Let $x,y,z\in R$,and $x+y+z=3$
show that: $$(x^2+x+1)(y^2+y+1)(z^2+z+1)\ge 9(xy+yz+xz)$$
Things I have tried so far:$$9(xy+yz+xz)\le 3(x+y+z)^2=27$$ so it suffices to prove that $$(x^2+x+1)(y^2+y+1)(z^2+z+1)\ge 27$$ then the problem is solved. I stuck in here
On
with loss of generality, assume $x\ge y $
consider $f(x, y, z) = (x^2 + x + 1)(y^2 + y + 1) (z^2 + z + 1) - 9 (z(x+y) + xy)$
$$f(x, y, z) \ge f((x+y)/2, (x+y)/2, z)$$
since $$f(x,y,z) - f((x+y)/2, (x+y)/2, z) = (x-y)((z^2 + z + 1)(z -2 - 2xy) + 9)$$
we simply show that
$$(z^2 + z + 1)(z -2 - 2xy) + 9 \ge 0$$
while $z^2 + z + 1 > 0$,
$$(z^2 + z + 1)(z - 2 - 2xy) + 9 \ge (z^2 + z + 1)(z - 2 - \frac{(3 - z)^2}{2}) + 9\\ = \frac{1}{2}(18 - (z^2 + z + 1)(z^2 - 8z +13))$$
and it is quite easy to show that when $0\le z\le 3$,
$$(z^2 + z + 1)(z^2 - 8z +13)\le 18$$ with maximum at $z = 1$.
On
It's enough to prove that $$\prod_{cyc}\left(x^2+\frac{x(x+y+z)}{3}+\frac{(x+y+z)^2}{9}\right)-\frac{(xy+xz+yz)(x+y+z)^4}{9}\geq$$ $$\geq\frac{1}{2916}\left(\sum_{cyc}(5x^3+6x^2y+6x^2z-17xyz)\right)^2.$$ Let $x+y+z=3u$, $xy+xz+yz=3v^2$, where $v^2$ can be negative, and $xyz=w^3$.
Since $$\sum_{cyc}(5x^3+6x^2y+6x^2z-17xyz)=$$ $$=5(27u^3-27uv^2+3w^3)+6(9uv^2-3w^3)-51w^3=135u^3-81uv^2-54w^3$$ and $$54^2=2916,$$ we see that the last inequality is a linear inequality of $w^3$, which says that
it's enough to prove this inequality for an extremal value of $w^3$, which happens
for equality case of two variables.
Since the last inequality is even degree, we can assume $y=z=1$, which gives $$(x-1)^4(x+2)^2\geq0.$$ Done!
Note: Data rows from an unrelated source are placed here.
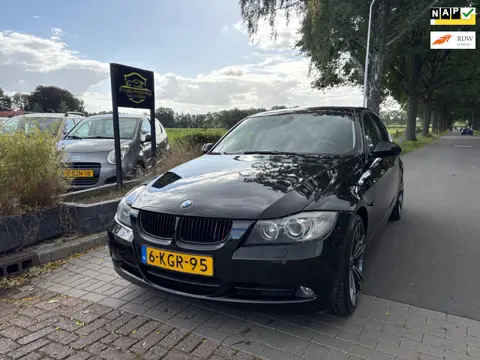 BMW 3-serie 325i High Executive AIRCO,PDC,CRUISE,REGENSENSOREN,SPORTVELGEN,MET APK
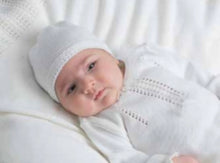 Load image into Gallery viewer, BABY IVORY HAT
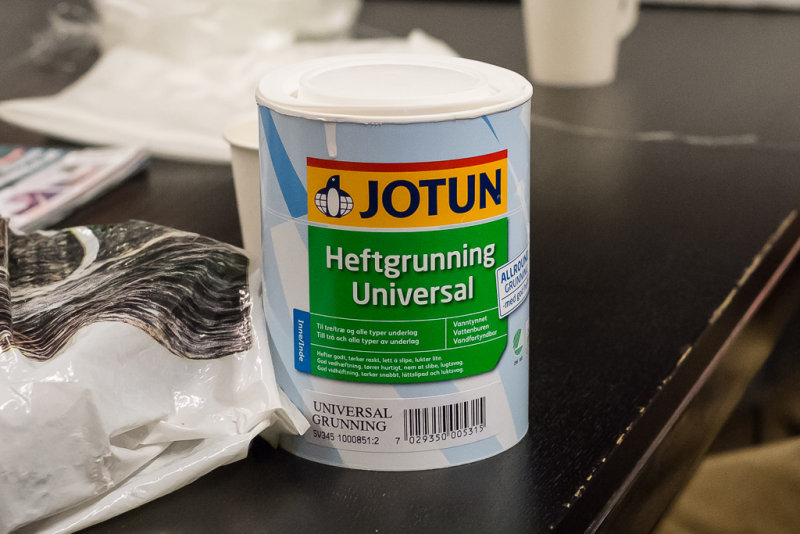 Standard grunningsmaling som brukes nr skroget er kledd med glassfiber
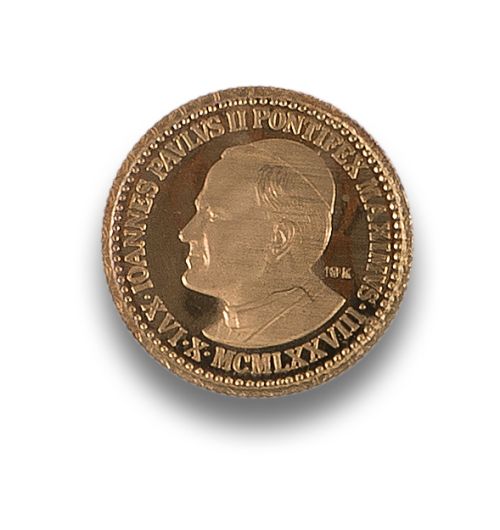 COMMEMORATIVE COIN JOHN PAUL II IN YELLOW GOLD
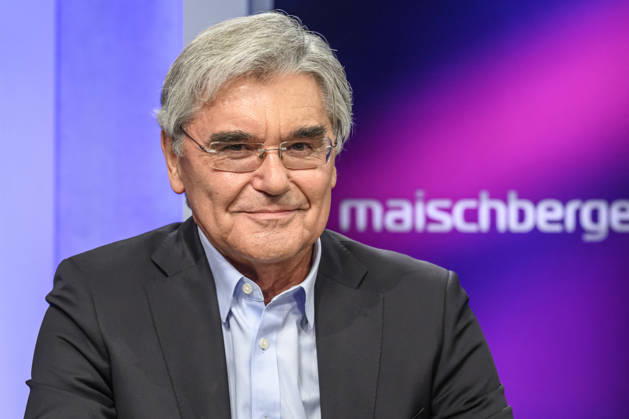 Pictured, from left: Joe Kaeser of Siemens Energy, Germany, Berlin, studio, appearing on Maischberger, a political talk show, TV program, with host Sandra Maischberger, Das Erste, filmed at Studio 20 in Adlershof on September 21, 2026, Copyright: HMBxMedia UwexKoch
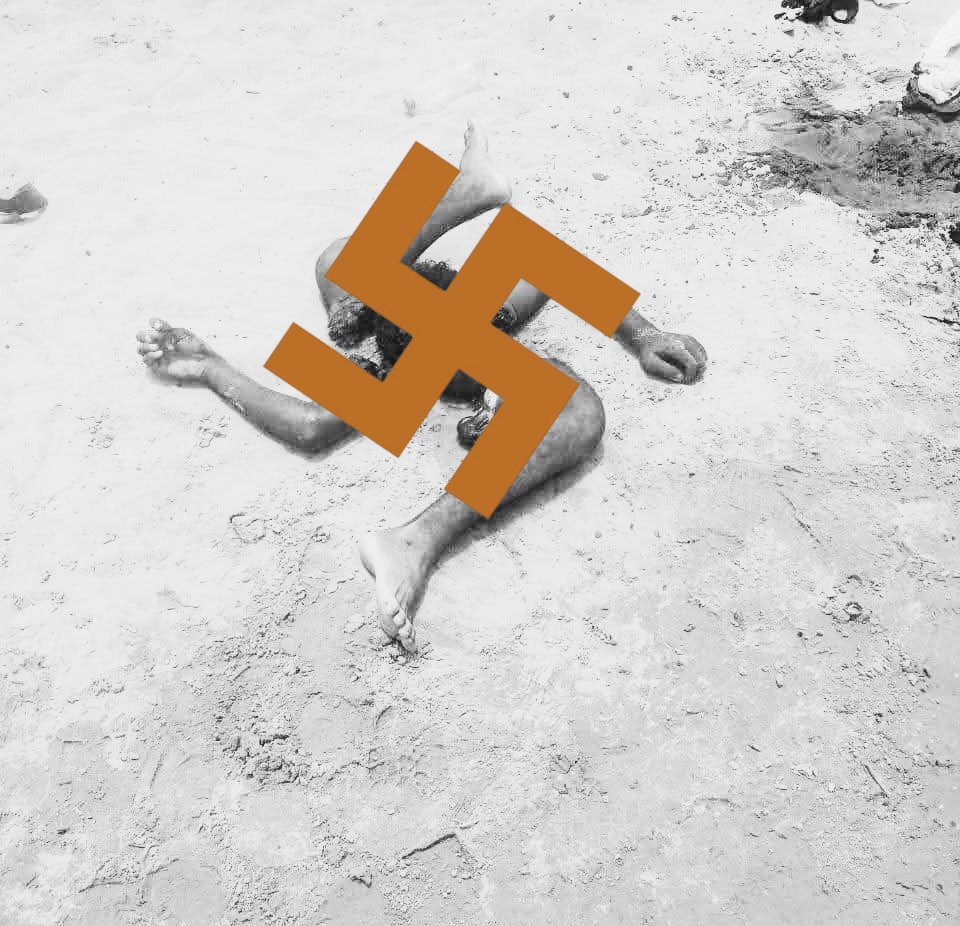 SahelAlerte's tweet photo. #Azawad

Où sont passés les enquêteurs de @UNHumanRights lors des massacres et des exactions qui n'ont jamais été vus dans le Sahel, commis chaque jour par les nazis russes de l'Africa Corps et leurs oncles de Wagner, en collaboration avec les FAMa et sur ordre de Goïta ?

Plus de 5 000 civils ont été tués par ces criminels à la solde de Goïta.

L'armée malienne a endossé le rôle de héros après la bataille de #Tabarichat, au cours de laquelle 82 soldats de l'armée malienne ont été tués. Elle a présenté la situation comme si l'embuscade avait été déjouée grâce à des frappes de drones et a annoncé avoir neutralisé « des dizaines de terroristes ».

On ne peut pas jouer à la fois le rôle du héros et celui de la victime.

Alors que l'armée malienne prétend être le héros et le vainqueur de la bataille, les soi-disant organisations humanitaires internationale viennent la placer dans le rôle de la victime.

Et ce, bien qu'il y ait eu près de 5 000 victimes causées par l'armée malienne et les mercenaires russes dans l'Azawad et Macina , sur lesquelles ces organisations ont fermé les yeux.

1- Sur la photo, un civil tué le 23 juin 2026 par l'armée malienne et l'Africa Corps russe à Zarho (Tombouctou).

Le corps de la victime a été profané et mutilé, et les membres du corps de la victime ont été disposés de manière à former une croix gammée nazie.

2- Un civil arrêté et torturé par les mercenaires de l'Africa Corps. Ils lui donnent des coups de poing 👊 au ventre. Sa famille n'a aucune information sur lui jusqu'à ce jour.

En même temps, il y a des organisations qui parlent de DIH et de droit de la guerre.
Assume that $x,y,z$ are roots of the polynomial $$ q(w) = w^3-3w^2+s w-p \tag{1}$$ where $s=xy+xz+yz$ and $p=xyz$.
In order that $x,y,z\in\mathbb{R}$, the discriminant of $q$ must be non-negative, hence: $$ 54ps + 9s^2 \geq 4s^3+27p^2+108 p.\tag{2}$$ On the other hand, $2x+1,2y+1,2z+1$ are roots of the monic polynomial $8\cdot q\left(\frac{w-1}{2}\right)$, hence $(2x+1)^2,(2y+1)^2,(2z+1)^2$ are roots of the monic polynomial:
$$ w^3 + (8s-51) w^2 + (99-144 p+48 s+16 s^2) w + (-49 - 112 p - 64 p^2 - 56 s - 64 p s - 16 s^2) $$ and $4(x^2+x+1),4(y^2+y+1),4(z^2+z+1)$ are roots of the previous polynomial evaluated at $w-3$. Viete's theorem hence gives:
$$\prod_{cyc}(x^2+x+1) = 13-5 p+p^2+2 s+p s+s^2\tag{3}$$ and our problem boils down to proving that: $$ 13+p^2+p s+s^2 \geq 7s+5p.\tag{4} $$ However, that is trivial since the quadratic form $p^2+ps+s^2-7s-5p+13$ is positive definite and achieve its minimum, zero, at $(p,s)=(1,3)$.